La 6ème Biennale

Contribution longue recherchée

Atelier : Le sujet apprenant et communicationnel. L'individualisation aide-t-elle le sujet à se construire ?


Titre : Identification des capacités d'autorégulation cognitive en résolution de problèmes mathématiques chez l'enfant de fin d'enseignement primaire
Auteurs : FOCANT Jerome, CHERCHEUR EN PSYCHOLOGIE DE L'EDUCATION.UNIVERSITE CATHOLIQUE DE LOUVAIN (BELGIQUE)

Texte :
Le concept d'autorégulation de l'apprentissage (self-regulated learning) est né des travaux sur la métacognition.
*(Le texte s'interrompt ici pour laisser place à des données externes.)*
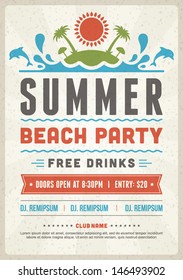 Retro Summer Party Design Poster Or Flyer. Night Club Event Typography. Vector Template Illustration. 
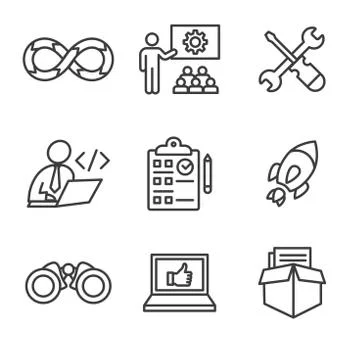 Development Operations and Life Cycle - DevOps Icon Set Stock Illustration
Plus précisément, ce paradigme s'est défini comme objectif l'analyse de l'aspect exécutif de la métacognition : le contrôle actif, la régulation et l'orchestration des processus cognitifs en vue de la réalisation d'un objectif déterminé (Flavell, 1976 ; Royer, Cisero et Carlo, 1993 ; Noël, Romainville et Wolfs, 1995 ; Lafortune & St-Pierre, 1996).
Un élément clé du processus d'autorégulation se situe dans les stratégies d'autorégulation cognitive (voir notamment Boekaerts, 1996 ; Pintrich, 1999). Elles consistent en des stratégies de gestion de son propre répertoire de stratégies cognitives (spécifiques ou transversales) et de connaissances déclaratives et procédurales (spécifiques à la discipline scolaire ou à l'activité concernée). L'individu qui est capable de stratégies d'autorégulation cognitive peut sélectionner les procédures les plus efficaces (dans la perspective d'atteindre l'objectif déterminé), les contrôler et les réajuster si nécessaire.
Notre examen de la littérature nous permet d'en définir trois types (Pintrich & De Groot, 1990 ; Boekaerts, 1996) :
- Anticipation : sur base de l'analyse de la tâche, la détermination de l'objectif permet d'activer les éléments déclaratifs, procéduraux et stratégiques (ainsi que motivationnels,…). Elle facilite la planification des procédures et stratégies à entreprendre afin de compléter cet objectif. Il s'agit d'une phase de prise de décision, soit d'anticipation.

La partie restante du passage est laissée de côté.